Discussion
Phenotypes and climate change can vary widely within a species’ distribution, as can phenological mismatch and its consequences on survival. Elucidating potential unifying mechanisms is crucial to reconcile varied responses to phenological mismatch. We evaluated the effect of coat colour mismatch on snowshoe hare survival in a northern population and further tested a potential mechanism that may influence this effect. We hypothesized that the thermal and energetic benefits of winter acclimatization in white hares, i.e., increased coat insulation and reduced metabolic rate (Sheriff et al. 2009a; Gigliottiet al. 2017), ultimately reduce their foraging requirements (Balluffi-Fry et al. In Review) and thus predation risk, which may influence the costs of coat colour mismatch. Surprisingly, we found that mismatched hares had a higher survival than matched hares in the autumn (Fig. 1a) but that survival did not differ between matched and mismatched hares in the spring (Fig. 1b). Although this result contradicts previous studies that link coat colour mismatch in snowshoe hares to reduced survival (Zimova et al. 2016; Wilson et al. 2018), our proposed mechanism for why this might be the case is supported.
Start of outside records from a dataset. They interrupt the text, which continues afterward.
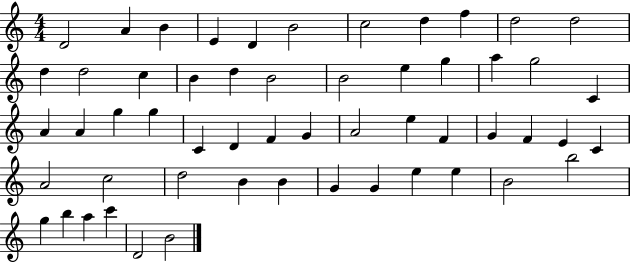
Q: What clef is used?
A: treble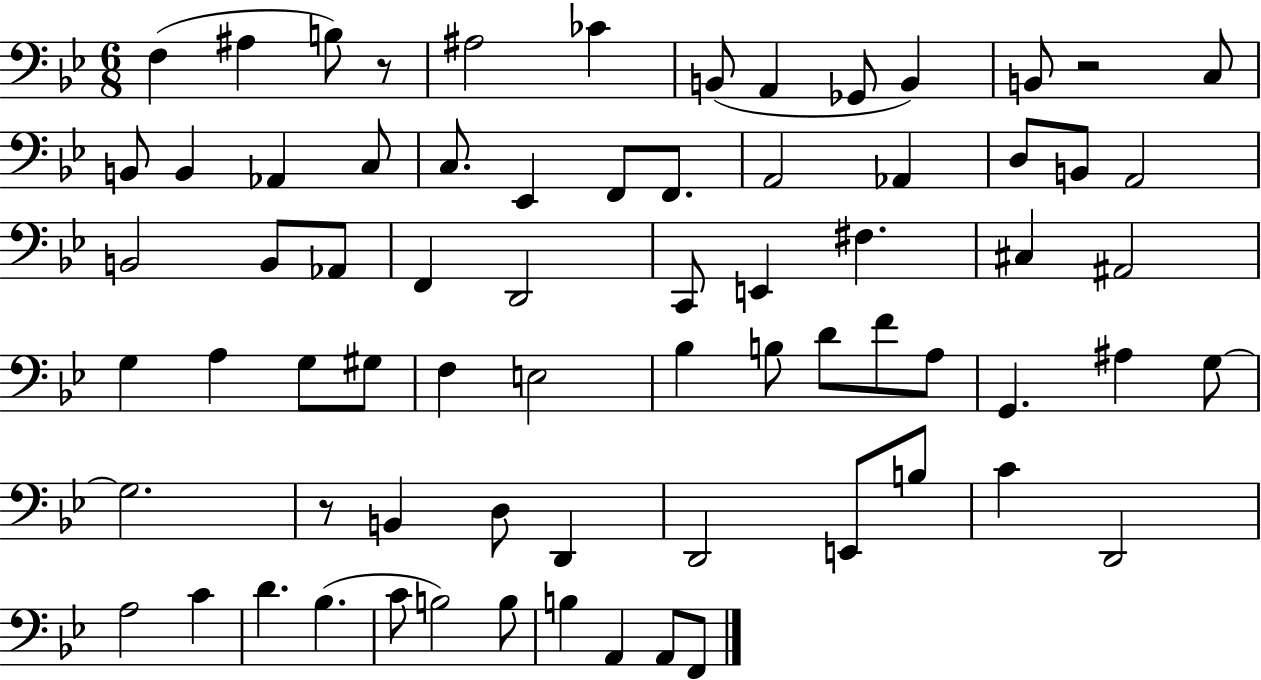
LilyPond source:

{
  \clef bass
  \numericTimeSignature
  \time 6/8
  \key bes \major
  \repeat volta 2 { f4( ais4 b8) r8 | ais2 ces'4 | b,8( a,4 ges,8 b,4) | b,8 r2 c8 | \break b,8 b,4 aes,4 c8 | c8. ees,4 f,8 f,8. | a,2 aes,4 | d8 b,8 a,2 | \break b,2 b,8 aes,8 | f,4 d,2 | c,8 e,4 fis4. | cis4 ais,2 | \break g4 a4 g8 gis8 | f4 e2 | bes4 b8 d'8 f'8 a8 | g,4. ais4 g8~~ | \break g2. | r8 b,4 d8 d,4 | d,2 e,8 b8 | c'4 d,2 | \break a2 c'4 | d'4. bes4.( | c'8 b2) b8 | b4 a,4 a,8 f,8 | \break } \bar "|."
}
Mismatched white hares spent significantly less time foraging than matched individuals in the autumn (Fig. 2a), presumably due to the thermal and energetic benefits of winter acclimatization. Indeed, reduced foraging time likely decreases exposure to predators and subsequently improves survival (Fig 1a). We reconcile our findings with those of previous studies with a unifying factor: temperature.
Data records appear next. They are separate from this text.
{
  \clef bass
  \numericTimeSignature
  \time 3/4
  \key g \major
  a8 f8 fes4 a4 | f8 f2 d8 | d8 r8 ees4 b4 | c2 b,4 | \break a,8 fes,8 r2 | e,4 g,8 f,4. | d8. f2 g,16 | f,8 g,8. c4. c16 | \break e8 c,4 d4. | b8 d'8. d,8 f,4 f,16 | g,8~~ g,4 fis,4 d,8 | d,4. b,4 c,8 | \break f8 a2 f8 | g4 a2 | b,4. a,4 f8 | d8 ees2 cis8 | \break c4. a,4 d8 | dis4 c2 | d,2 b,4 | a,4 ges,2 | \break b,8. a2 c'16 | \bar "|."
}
Matched hares foraged longer than mismatched white individuals in the autumn, and this difference was pronounced at lower (< –3°C) temperatures (Fig. 1a). Given the wide range of ecological contexts, selection pressures, and local adaptations that exist across the distribution of snowshoe hares (Gigliotti et al. 2017), the cost-benefit ratio of lost camouflage versus energy conservation may vary across populations experiencing different temperatures. For example, northern populations experiencing cold temperatures benefit from the energetic advantages of winter coats despite mismatch during snow-free periods, whereas southerly populations experiencing warmer temperatures may not. Indeed, adverse survival effects associated with mismatch in southern snowshoe hare populations in Montana (Zimovaet al. 2016) and Wisconsin (Wilson et al. 2018) occur in regions that experience warmer temperatures than those in southwestern Yukon (Fig. 2). During the period when mismatch is possible in Montana, autumn temperatures can range from ~ 3°C to 17 °C and spring temperatures can range from ~ 4°C to 20 °C.
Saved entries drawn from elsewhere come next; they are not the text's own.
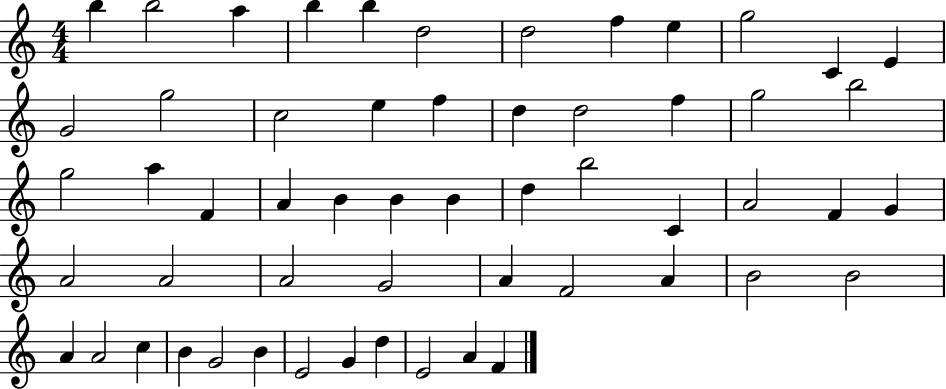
X:1
T:Untitled
M:4/4
L:1/4
K:C
b b2 a b b d2 d2 f e g2 C E G2 g2 c2 e f d d2 f g2 b2 g2 a F A B B B d b2 C A2 F G A2 A2 A2 G2 A F2 A B2 B2 A A2 c B G2 B E2 G d E2 A F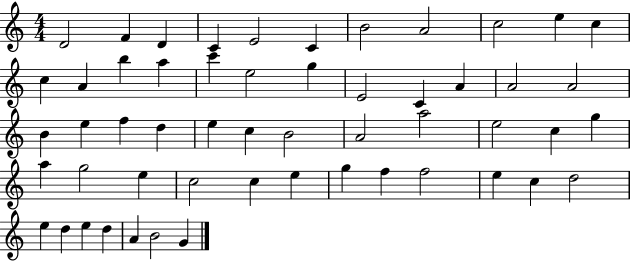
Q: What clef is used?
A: treble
The seasonal differences in mismatch effects on survival and foraging time that we found within our study population highlight temperature as a unifying factor affecting the survival costs of coat colour mismatch. In spring, mismatch did not influence mortality risk (Fig. 1b) and matched and mismatched hares spent similar amounts of time foraging (Fig. 2b). Mismatched hares in the spring occurred at temperatures (-0.5 °C to 11°C, Fig. 2b) that were approximately within the thermoneutral zone of both summer and winter-acclimatized hares (Sheriff et al.2009a). In contrast, mismatched hares in the autumn experienced temperatures between -7°C and 4°C (Fig. 2a) which fall below the lower critical temperature for summer-acclimatized brown hares, but not winter-acclimatized white hares (Sheriff et al. 2009a). Animals must increase their energetic expenditure when they are exposed to temperatures outside of their thermoneutral zone (Kingma et al.2012), which may represent a likely mechanism explaining the longer foraging time in matched brown hares in the autumn relative to mismatched white hares (Fig. 2a). These results further support that the thermal and energetic benefits of winter acclimatization may outweigh the costs of coat colour mismatch at cold temperatures.
Although camouflage is thought to be the primary adaptive benefit of coat colour polymorphism, like most traits, alternate benefits, e.g., thermal and physiological, exist (Caro 2005; Duarte et al. 2017; Zimova et al. 2018). We found that these alternate benefits offset the costs of camouflage loss at cold temperatures. Our proposed hypothesis, whereby the thermal and energetic benefits of winter acclimatization may influence coat colour mismatch effects through reduced time spent foraging, has the potential to reconcile intraspecific variation among other snowshoe hare populations and merits testing in other colour changing species, i.e. arctic hares (Lepus arcticus ), mountain hares (Lepus timidus ). Climate change-induced variation in temperature and precipitation regimes are likely to vary across species ranges (Loarie et al. 2009). Such variation in climate change effects will be particularly large for species with broad distributions, i.e., circumboreal colour-changing species. Ultimately, as temperatures in the Northern Hemisphere are projected to warm (Danco et al. 2016), northern snowshoe hare populations are likely to reach the threshold (> –3°C) at which the energetic benefits of white coats are lost, and survival costs driven by coat colour mismatch could occur (Zimova et al. 2016; Wilson et al. 2018). However, elucidating the mechanisms through which phenological mismatches may be operating is essential to enable predictions on broad-scale changes in species distributions.